Accept rejection, get over it
Campus Times
October 2, 1998
Well, well, well, this is the third issue of the Campus Times
and no sign of boy bashing from me yet. Lo and behold, the time has once
again come for me to gripe about the opposite sex.
The focus of this column is how many boys at the University of La Verne
cannot seem to get over themselves.
Example: My roommate is hit on by boys on a daily basis. I can see it
coming from a mile away, so I sit back, roll my eyes and laugh at their
tactics. Well, if any boys on this campus knew my roommate, they would know
that all of their sly pick-up lines are a wasted effort.
She politely, or not so politely, refuses to go out with them and all
of these boys still persist.
But finally they move in on the roommate-me. This part is the most entertaining.
Boys who would never think to approach me make small talk and sooner or
later it turns into, "So, are you going to hook me up with your roommate?"

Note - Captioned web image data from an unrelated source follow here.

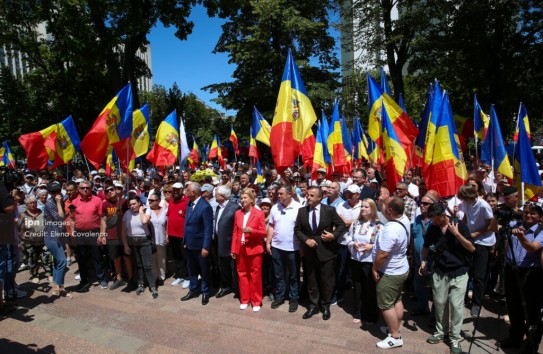 {Митинг оппозиции в день суверенитета} Молдавские Ведомости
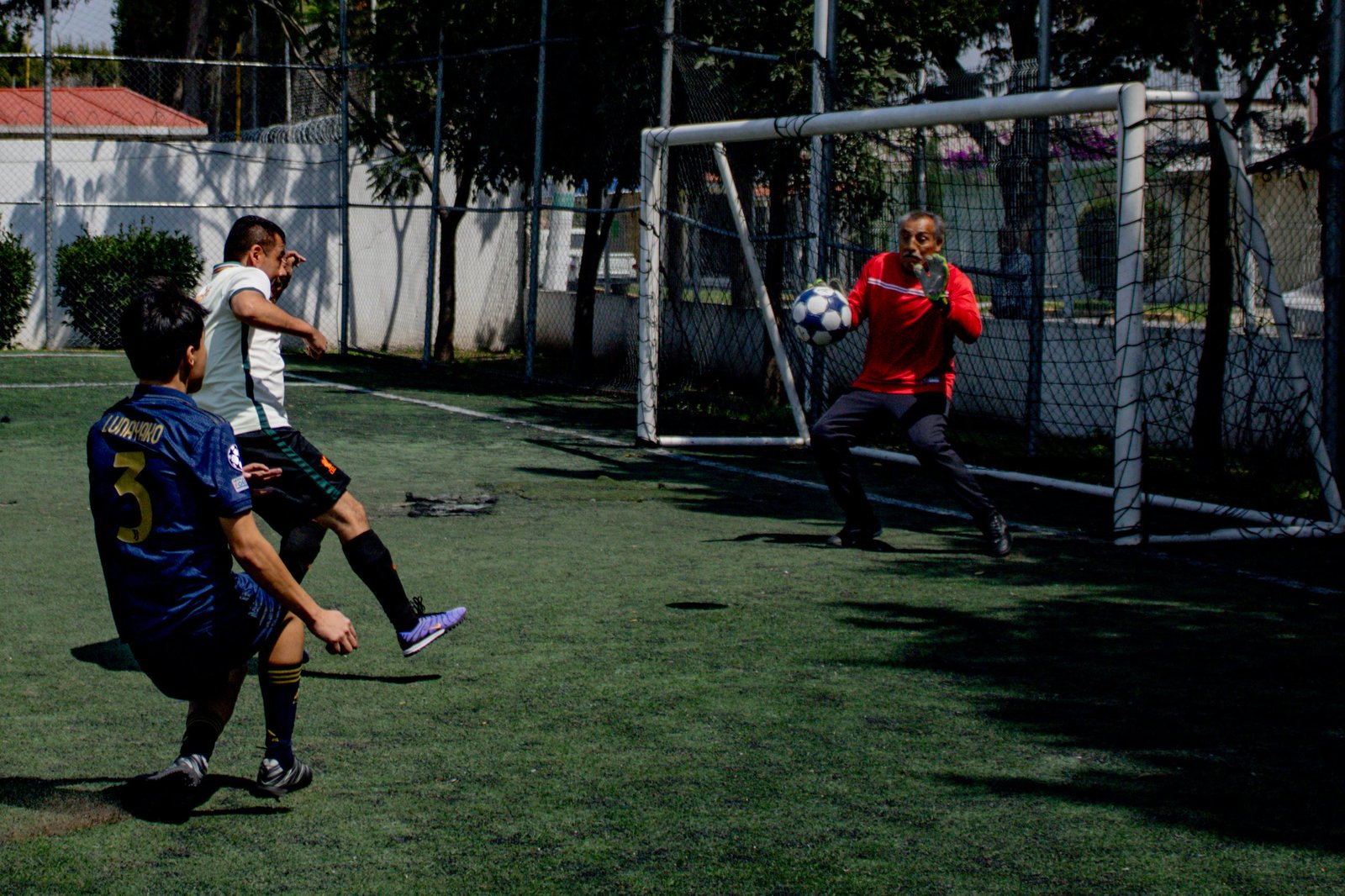 Remate a gol en fútbol 7 de Liga Promofut 7, Tecámac Ojo de Agua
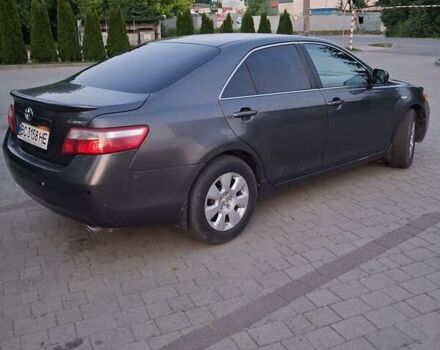 Серый Тойота Камри, объемом двигателя 2.4 л и пробегом 290 тыс. км за 6600 $, фото 2 на Automoto.ua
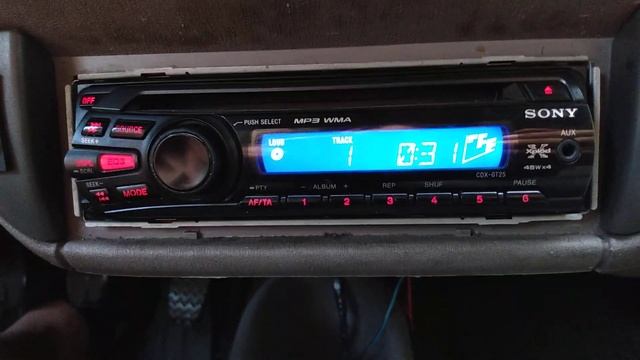 SONY XPLOD CDX-GT25 CD/MP3/AUX Radio Samochodowe / #sony Car Radio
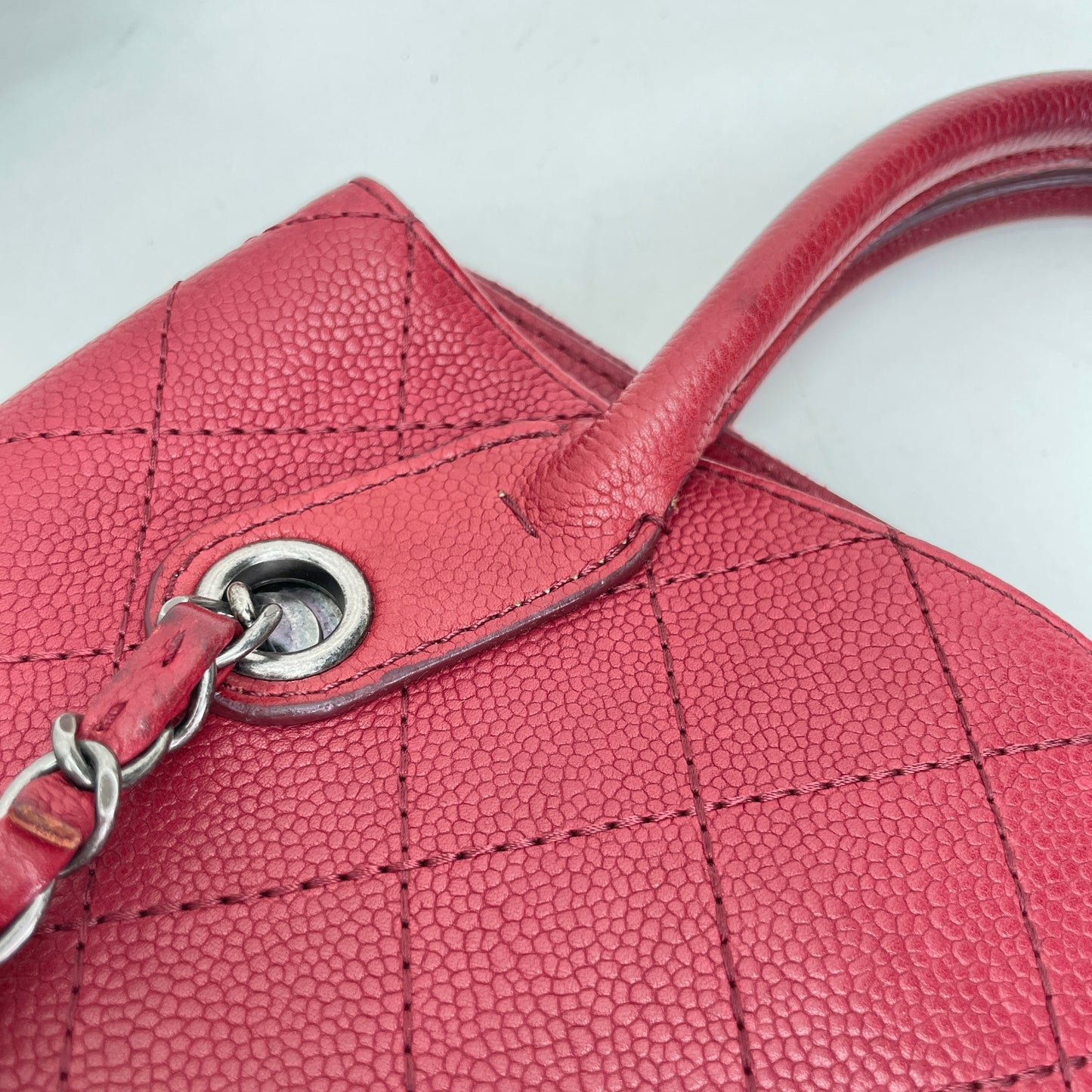 Shopping Red Tote Bag in Caviar Leather, Ruthenium hardware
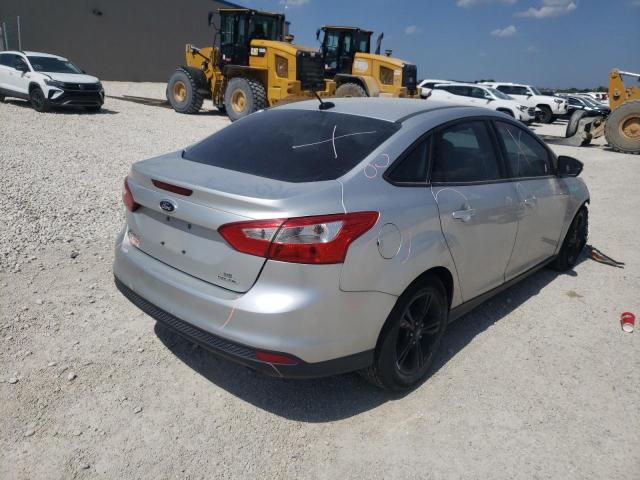 Photo 4 from auction – 2014 FORD FOCUS SE with VIN 1FADP3F24EL362450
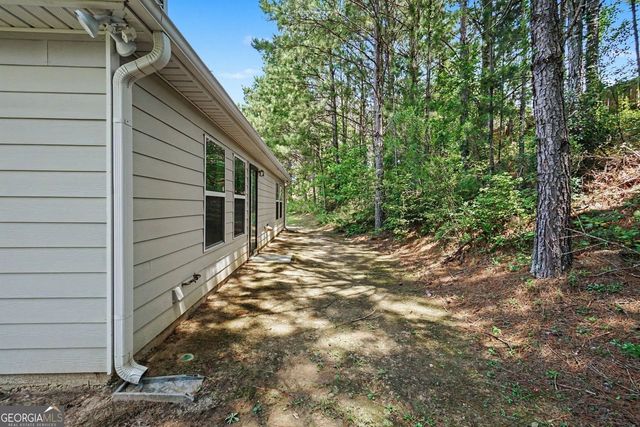 460 Pinevale Court, Atlanta, GA 30349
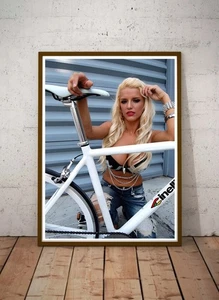 Cinelli Pista Girl Iconic A3 Wandposter Vintage Print Campagnolo Super C - Bild 1 von 1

I reply that she is uninterested. Without a moments hesitation the following
sentence is transmitted from their egotistical little brains to their mouth:
"So, is she a lesbian or a man-hater?"
Come on! Boys, you need to get over yourselves! Do you really think
that you are so wonderful that every girl should want you?
Instead of understanding that she does not go for just any smooth talker,
it is interpreted that there is something wrong with her.
Has it ever crossed these boys' minds that there are independent girls
out there who do not need a boyfriend, nor accept a date from every boy
that offers? Also, that some girls are smart enough to stay away from the
boys at ULV?
Nope -- it must be the girls, right? They must be gay or hate men. Their
brain must not be working correctly to turn you down.
This is the most conceited, egocentric way of thinking. And boys, do
not say that you do not think this way. I spoke with Duke Kell, senior broadcast
major, on this subject. His reply: "Guys can get any girl they want
to, they just have to know the right thing to say."
No comment, point proven.
And for all the boys who are reading this, steaming by this point, it
is boys like this that give "nice guys" a bad rap, although I
do understand that Kell is not a spokesman for all males. His comment just
goes to show that my opinion has been formed not based solely on observation,
but actual male input.
Hey, do not get me wrong. It is great to be persistent and determined,
but there comes a point where boys must accept that they are not God's gift
to women, and that, yes, they may have a few character flaws. Or, maybe
they just are not that girl's particular type. Even with a ratio of four
or five to one here at ULV, girls still set standards.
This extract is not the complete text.